> Your goal
Below are entries. Reproduce exactly the lines between the line holding "Gorilla with Baby-DLILLC-Framed" and the line holding "قیمت کنسرو رب", inclusive, and only those.

[Data records]

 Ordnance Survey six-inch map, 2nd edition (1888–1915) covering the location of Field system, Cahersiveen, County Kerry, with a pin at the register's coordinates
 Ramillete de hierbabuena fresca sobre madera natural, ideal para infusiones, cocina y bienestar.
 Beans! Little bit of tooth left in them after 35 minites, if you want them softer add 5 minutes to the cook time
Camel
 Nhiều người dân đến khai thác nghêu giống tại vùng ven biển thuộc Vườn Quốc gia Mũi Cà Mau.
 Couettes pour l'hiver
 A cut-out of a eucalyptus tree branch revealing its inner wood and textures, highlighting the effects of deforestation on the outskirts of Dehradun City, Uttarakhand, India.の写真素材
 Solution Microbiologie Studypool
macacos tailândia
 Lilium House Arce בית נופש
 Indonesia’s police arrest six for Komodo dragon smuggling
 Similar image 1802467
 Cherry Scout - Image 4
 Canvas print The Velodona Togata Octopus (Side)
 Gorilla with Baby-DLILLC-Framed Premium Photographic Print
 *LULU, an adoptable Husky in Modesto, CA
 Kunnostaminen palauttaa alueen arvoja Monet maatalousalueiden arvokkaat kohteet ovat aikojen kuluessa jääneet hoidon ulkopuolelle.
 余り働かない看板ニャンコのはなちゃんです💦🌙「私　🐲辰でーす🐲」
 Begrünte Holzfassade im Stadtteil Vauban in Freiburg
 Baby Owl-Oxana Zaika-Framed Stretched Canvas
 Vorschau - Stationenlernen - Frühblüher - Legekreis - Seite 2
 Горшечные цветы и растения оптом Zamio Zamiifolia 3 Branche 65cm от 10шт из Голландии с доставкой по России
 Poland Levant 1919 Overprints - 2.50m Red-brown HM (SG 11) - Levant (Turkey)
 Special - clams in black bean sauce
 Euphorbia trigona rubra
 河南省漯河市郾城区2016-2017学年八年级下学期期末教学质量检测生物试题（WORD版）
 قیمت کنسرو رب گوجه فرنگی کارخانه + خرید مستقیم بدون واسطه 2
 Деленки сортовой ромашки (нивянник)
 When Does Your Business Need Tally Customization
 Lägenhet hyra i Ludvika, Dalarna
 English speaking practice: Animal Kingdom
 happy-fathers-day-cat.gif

[/Data records]

> Response
 Gorilla with Baby-DLILLC-Framed Premium Photographic Print
 *LULU, an adoptable Husky in Modesto, CA
 Kunnostaminen palauttaa alueen arvoja Monet maatalousalueiden arvokkaat kohteet ovat aikojen kuluessa jääneet hoidon ulkopuolelle.
 余り働かない看板ニャンコのはなちゃんです💦🌙「私　🐲辰でーす🐲」
 Begrünte Holzfassade im Stadtteil Vauban in Freiburg
 Baby Owl-Oxana Zaika-Framed Stretched Canvas
 Vorschau - Stationenlernen - Frühblüher - Legekreis - Seite 2
 Горшечные цветы и растения оптом Zamio Zamiifolia 3 Branche 65cm от 10шт из Голландии с доставкой по России
 Poland Levant 1919 Overprints - 2.50m Red-brown HM (SG 11) - Levant (Turkey)
 Special - clams in black bean sauce
 Euphorbia trigona rubra
 河南省漯河市郾城区2016-2017学年八年级下学期期末教学质量检测生物试题（WORD版）
 قیمت کنسرو رب گوجه فرنگی کارخانه + خرید مستقیم بدون واسطه 2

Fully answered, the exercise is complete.